(Data provided)
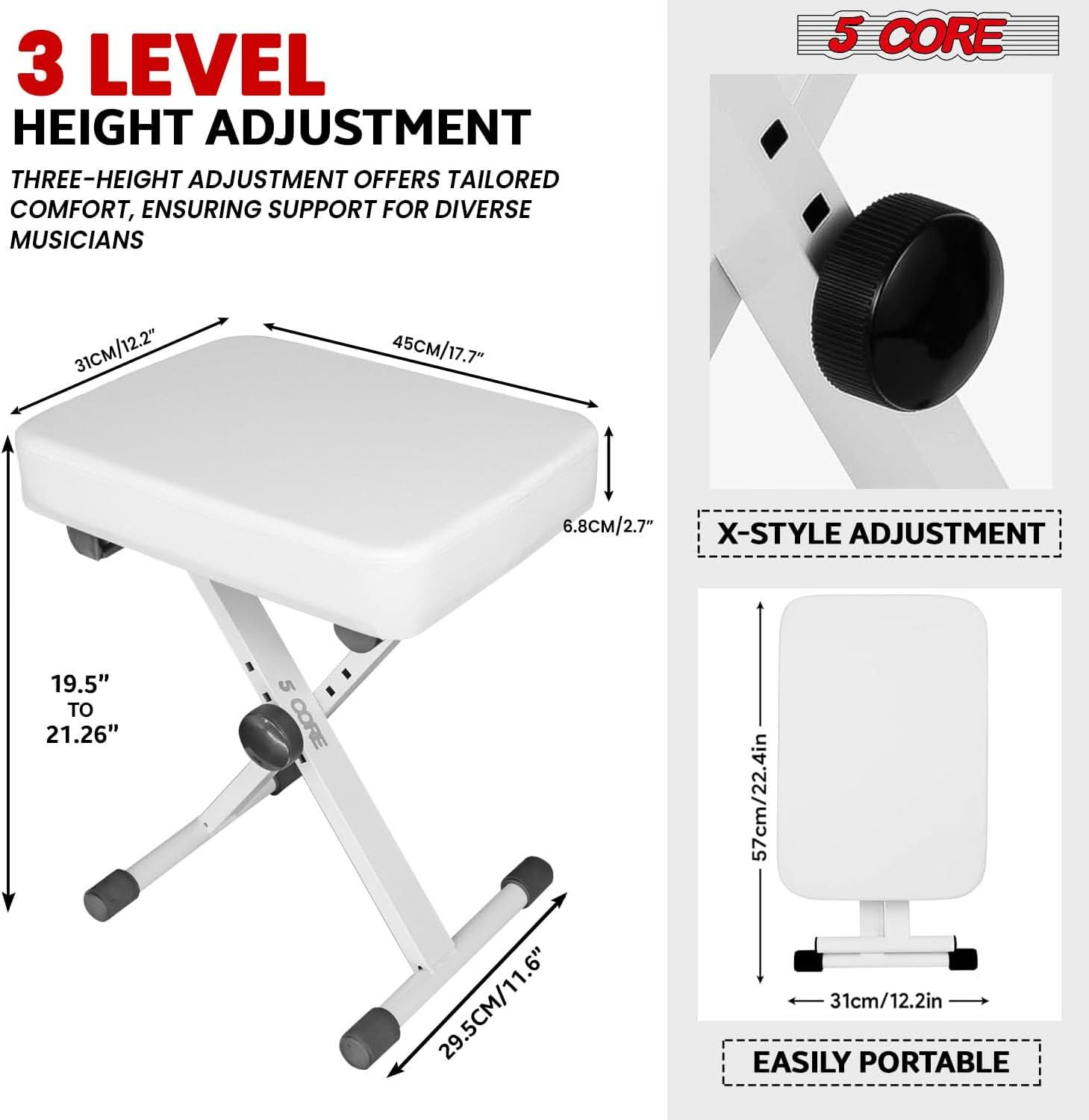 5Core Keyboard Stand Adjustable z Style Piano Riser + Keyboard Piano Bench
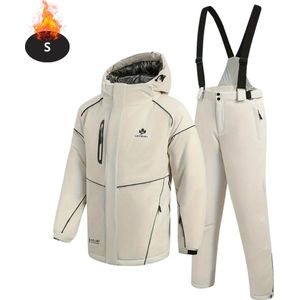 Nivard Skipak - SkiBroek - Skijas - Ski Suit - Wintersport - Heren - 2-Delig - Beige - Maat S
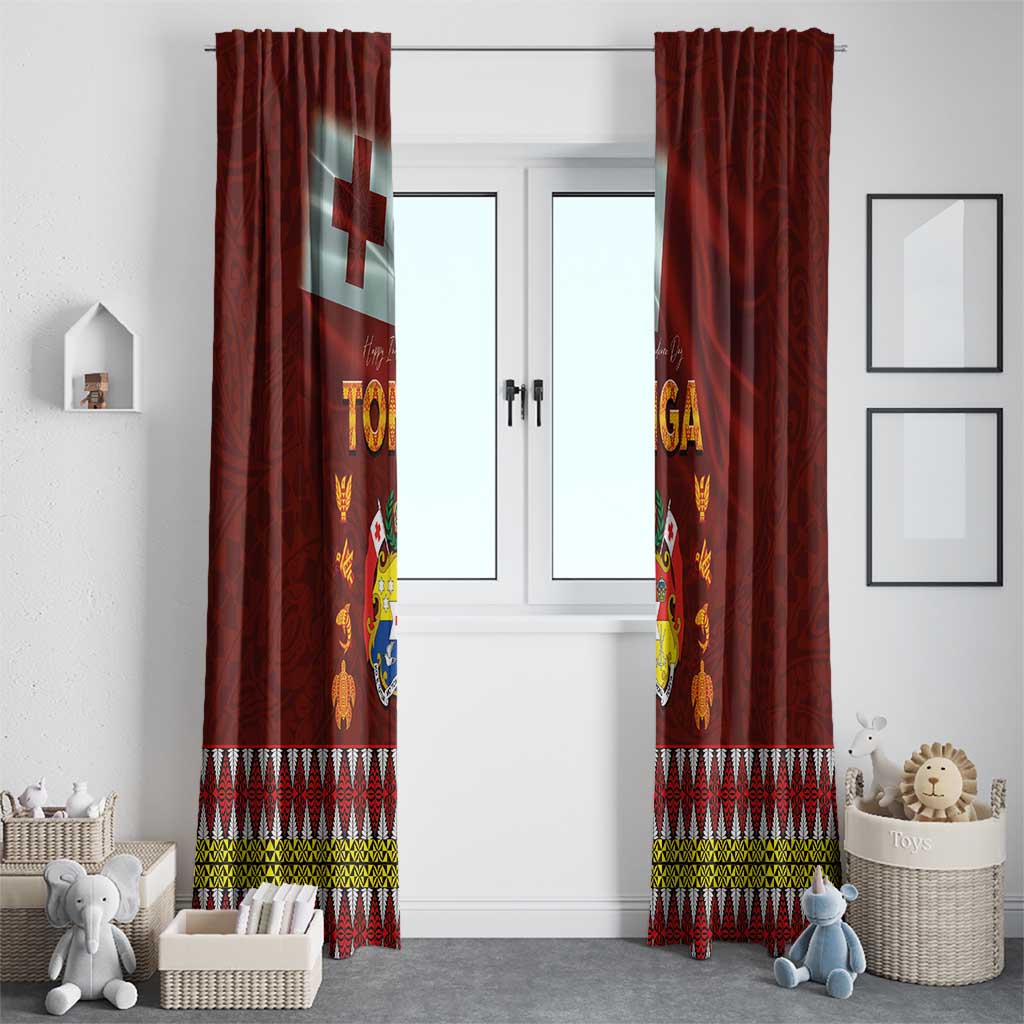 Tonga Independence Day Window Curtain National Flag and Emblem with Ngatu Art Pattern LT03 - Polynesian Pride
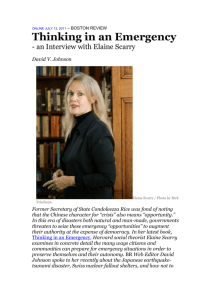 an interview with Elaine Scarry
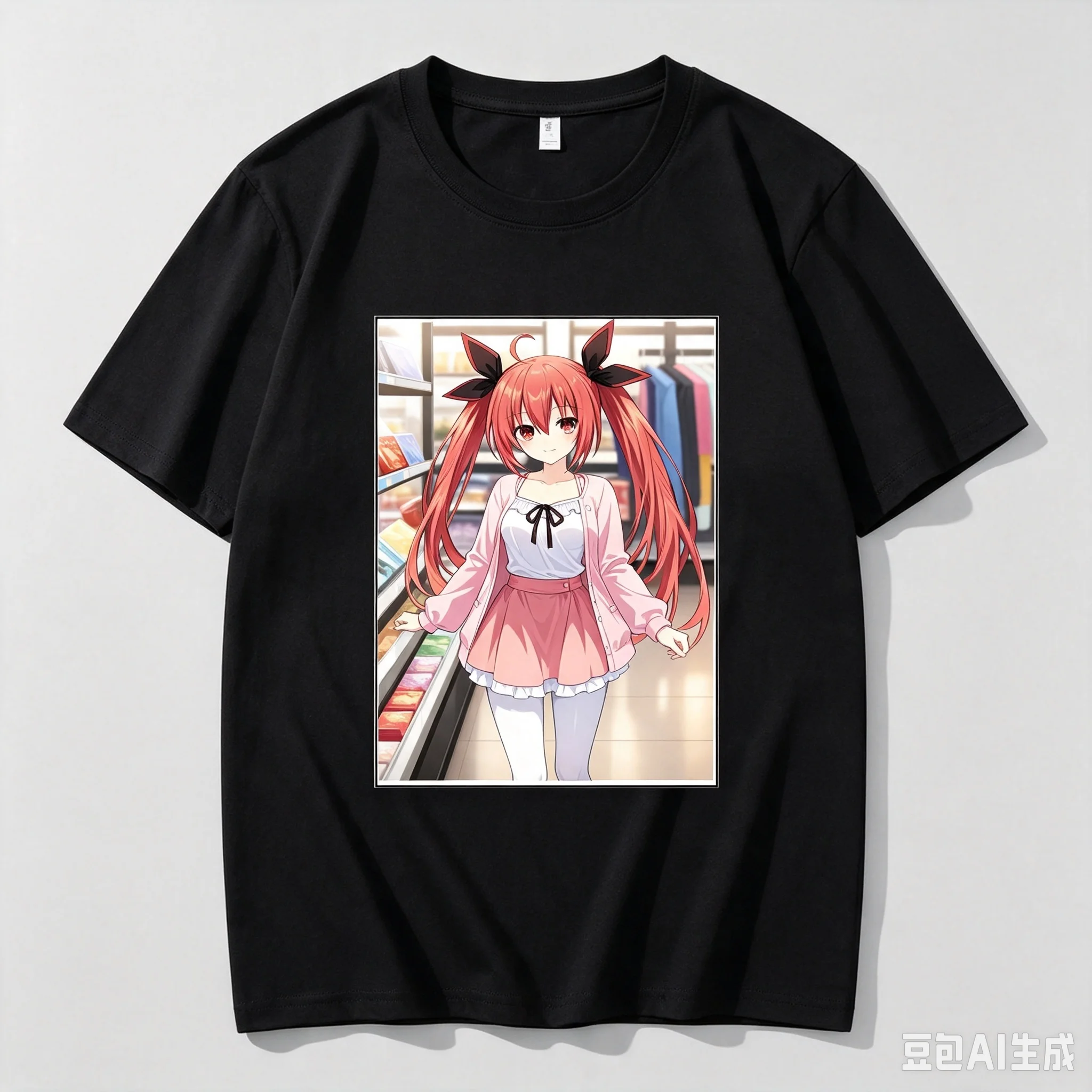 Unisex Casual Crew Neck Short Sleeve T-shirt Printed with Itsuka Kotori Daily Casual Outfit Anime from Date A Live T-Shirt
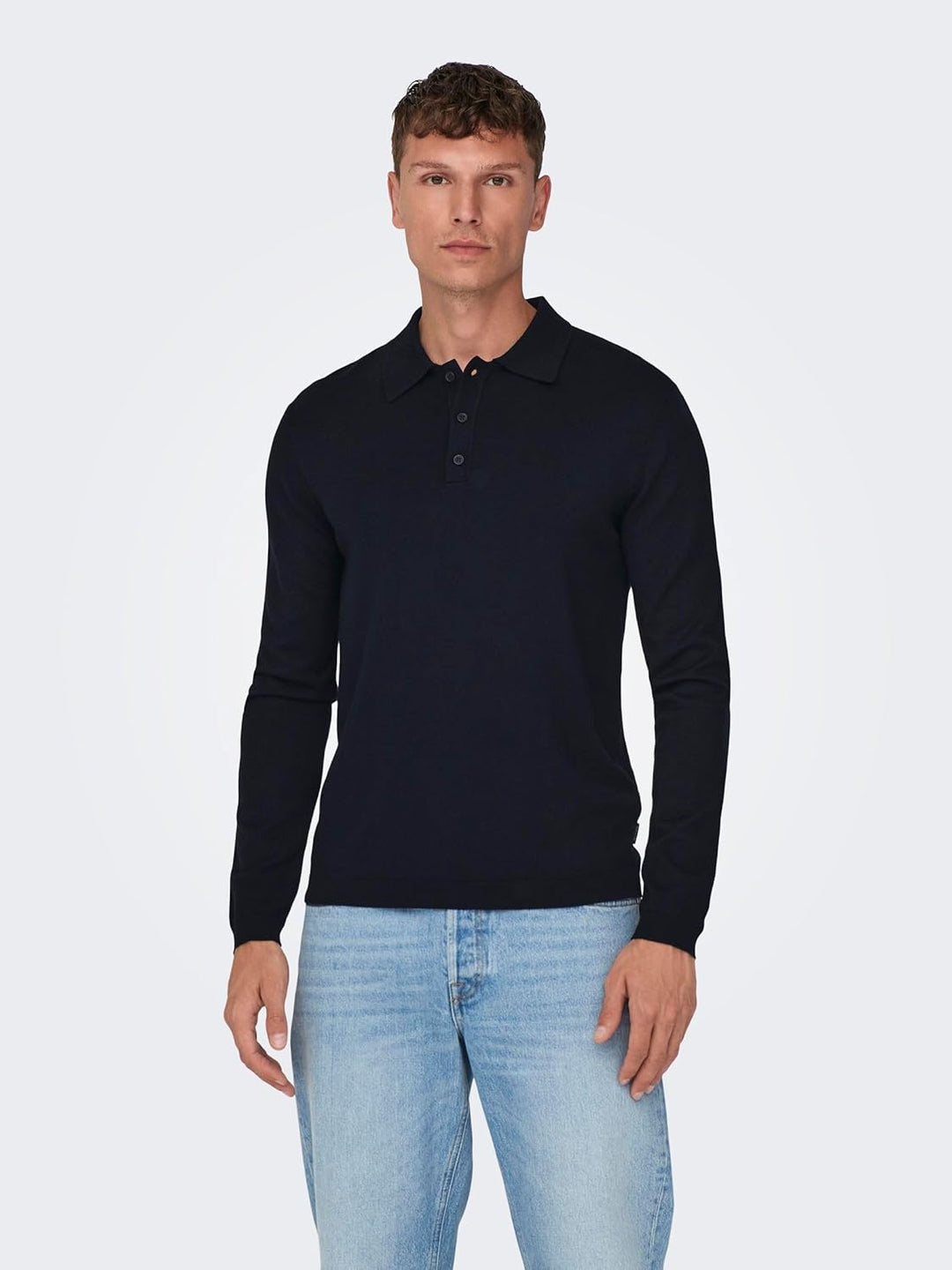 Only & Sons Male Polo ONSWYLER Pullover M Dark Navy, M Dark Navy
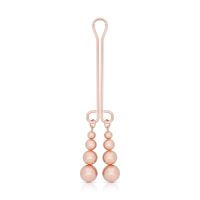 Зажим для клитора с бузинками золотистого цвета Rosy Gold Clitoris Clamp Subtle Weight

(Task)
Leave the pictures out and write out every entry exactly as given.

(Exercise answer)
 5Core Keyboard Stand Adjustable z Style Piano Riser + Keyboard Piano Bench
 Nivard Skipak - SkiBroek - Skijas - Ski Suit - Wintersport - Heren - 2-Delig - Beige - Maat S
 Tonga Independence Day Window Curtain National Flag and Emblem with Ngatu Art Pattern LT03 - Polynesian Pride
 an interview with Elaine Scarry
 Unisex Casual Crew Neck Short Sleeve T-shirt Printed with Itsuka Kotori Daily Casual Outfit Anime from Date A Live T-Shirt
 Only & Sons Male Polo ONSWYLER Pullover M Dark Navy, M Dark Navy
 Зажим для клитора с бузинками золотистого цвета Rosy Gold Clitoris Clamp Subtle Weight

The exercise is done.